**Task brief**
Pictures aside, reproduce exactly and only the lines from the one containing "کتاب قصه‌هایی برای خواب کودکان: دی - تصویر 1" through the end of the records.

[Task input]

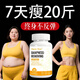 Three-Tree減肥藥暴瘦大肚子燃脂全身快速7天30斤神器肚臍強效排油貼精強針 2瓶裝【瘦5-10斤】告別贅肉 【不節食不反彈】男女減小腹瘦腰腿緊致中藥濕氣重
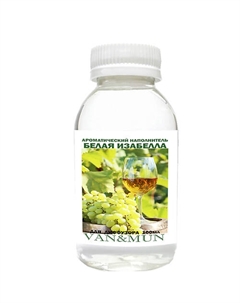 Наполнитель для ароматического диффузора Белая Изабелла 100 Van&mun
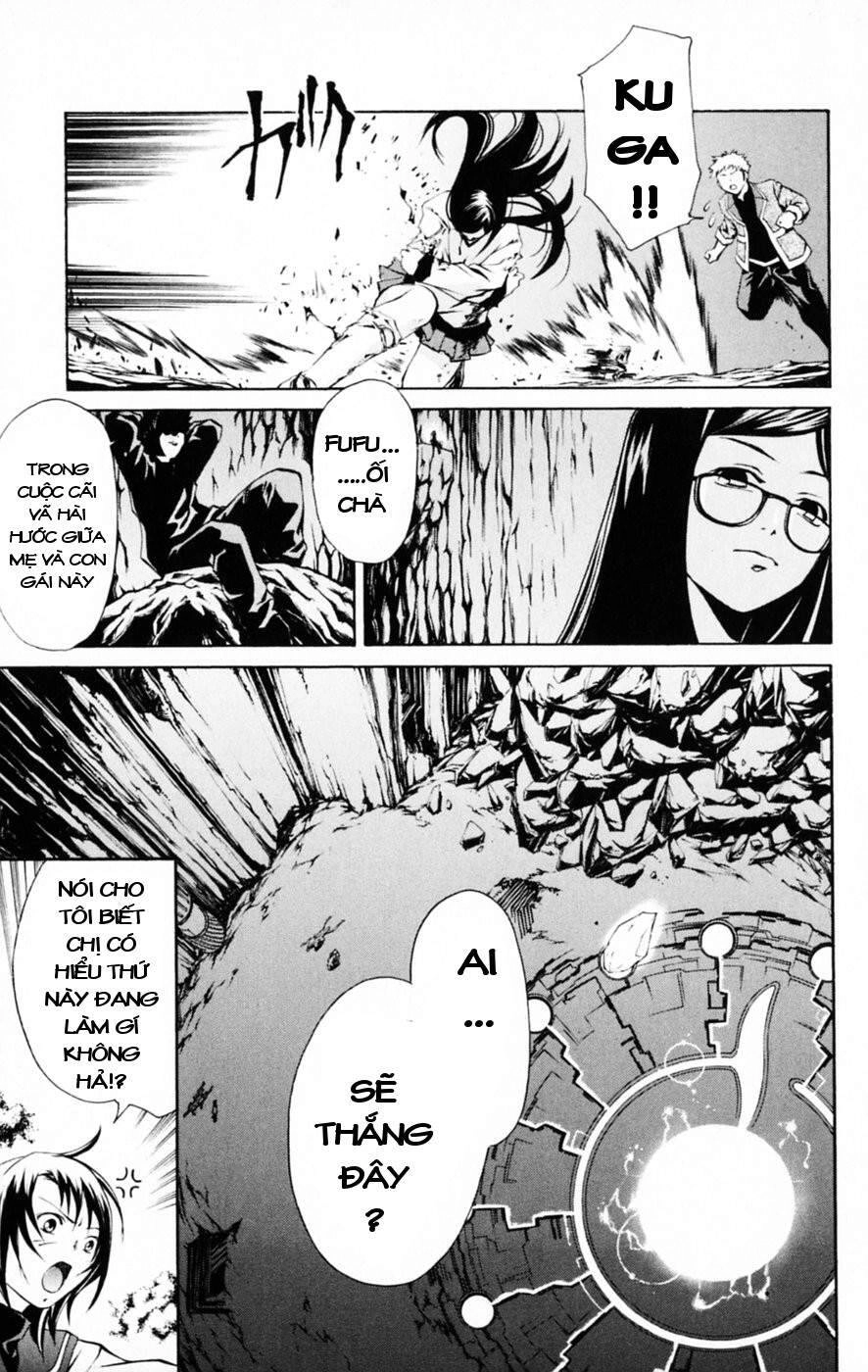 Mai-Hime Chapter 35 - 7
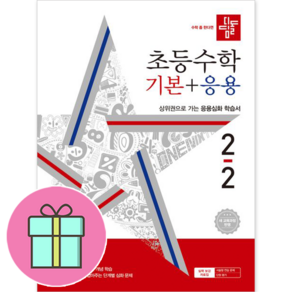 [선물] 2023년 디딤돌 초등 수학 기본+응용 2-2 2학년 2학기, 단품없음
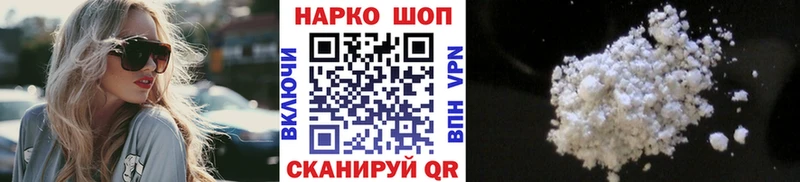 Купить наркотики сайты Ивантеевка Кокаин A PVP Бошки Шишки ГАШ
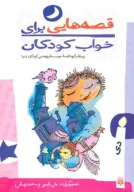 کتاب قصه‌هایی برای خواب کودکان: دی - تصویر 1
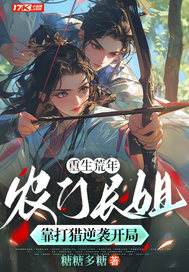 重生荒年：農門長姐靠打獵逆襲開局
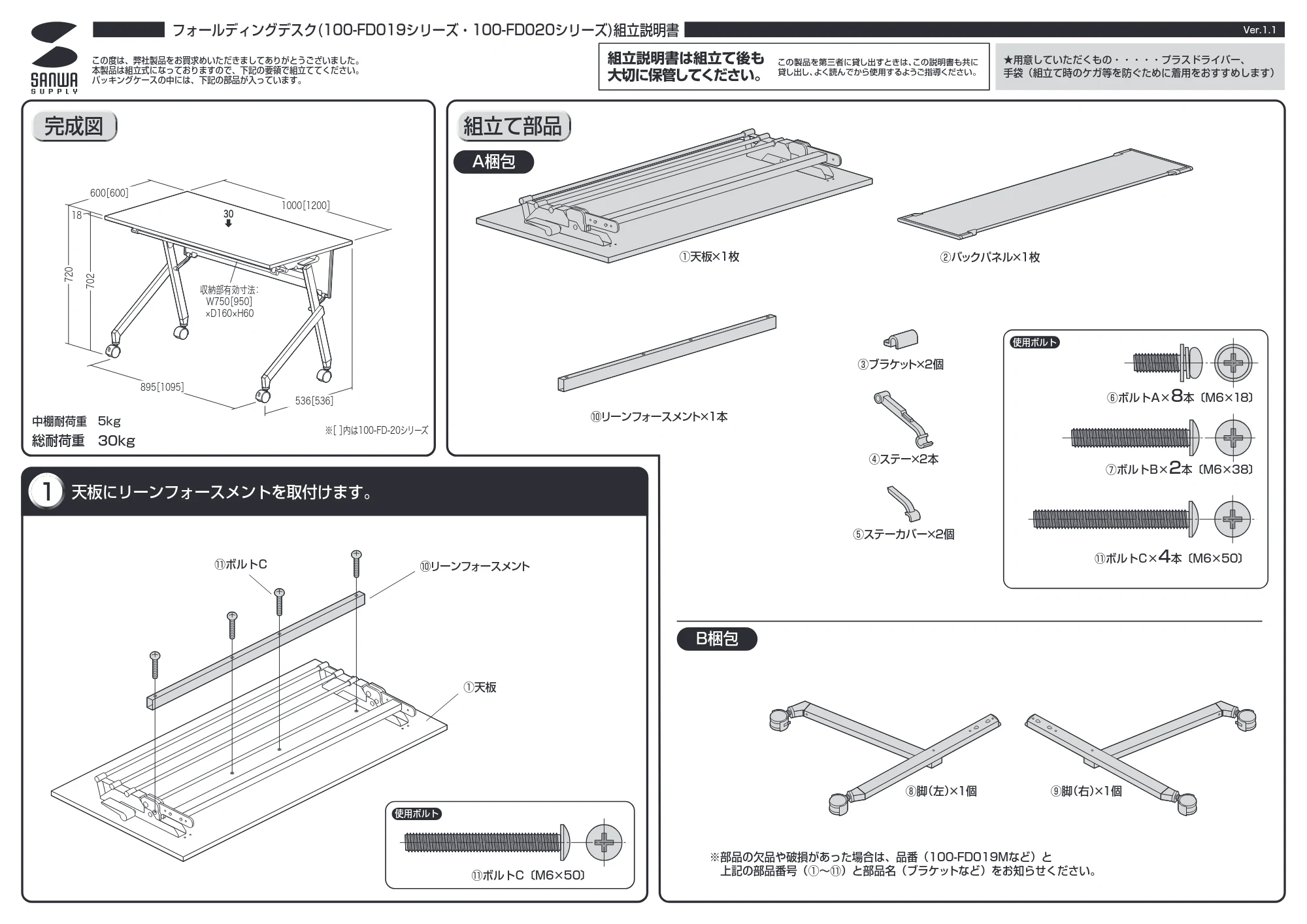 サンワサプライ 101-FD019M-11 組立説明書 — 原本ページ — 1ページ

[/Task input]

**Output of the exercise**
 کتاب قصه‌هایی برای خواب کودکان: دی - تصویر 1
 重生荒年：農門長姐靠打獵逆襲開局
 サンワサプライ 101-FD019M-11 組立説明書 — 原本ページ — 1ページ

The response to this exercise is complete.